O JBr Talks inicia uma edição especial que receberá, em cada episódio, um vencedor do Top Of Mind Brasília. O primeiro episódio desta nova fase tem como convidados os representantes da Farmacotécnica, marca vencedora do Top of Mind na categoria Farmácia de Manipulação por 22 vezes. A empresa soma cinco décadas de atuação no Distrito Federal. O bate-papo será disponibilizado no canal do YouTube do JBr no dia 3 de junho e abordou a construção da trajetória da empresa no quadradinho desde 1976.
No podcast, o fundador e diretor farmacêutico, Rogério Tokarski, e suas filhas Romy e Rogy Tokarski conversaram com o apresentador Marcelo Chaves. Eles falaram sobre o fato de serem uma das empresas mais longevas de Brasília, com transição entre gerações da família. Também discutiram a evolução do setor, em especial nos últimos dez anos. Rogério afirmou que o Brasil conta com cerca de 7.500 farmácias magistrais hoje, e o Distrito Federal se aproxima de 200 estabelecimentos. O número consolida a importância do mercado que a Farmacotécnica ajudou a desenvolver na região.

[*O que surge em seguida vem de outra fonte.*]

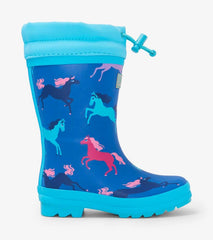 Girls Prancing Horses Sherpa Lined Rain Boots | Hatley Rainwear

Rogério contou que, ainda como estudante de farmácia, já entendia a necessidade de personalizar medicamentos para as pessoas. Esse continua sendo o foco da empresa. Romy explicou que a personalização inclui alternativas para veganos, com cápsulas feitas de tapioca. “No passado não tinha muita alternativa. Então, tem toda uma aceitação para esse público bem específico, também tem para crianças que têm alergias a alguns componentes. A gente consegue tirar todos esses componentes, consegue fazer completamente cruelty friendly de todos os jeitos possíveis”, disse. Ela repetiu uma frase da irmã Romy sobre a personalização ser o futuro desde o início da fundação da Farmacotécnica.
Romy destacou que a farmácia de manipulação oferece personalização não só na forma farmacêutica, mas também na dose ideal, ao misturar os insumos conforme a prescrição médica. “Então, a farmácia de manipulação atende o paciente na sua integralidade e individualização”, afirmou.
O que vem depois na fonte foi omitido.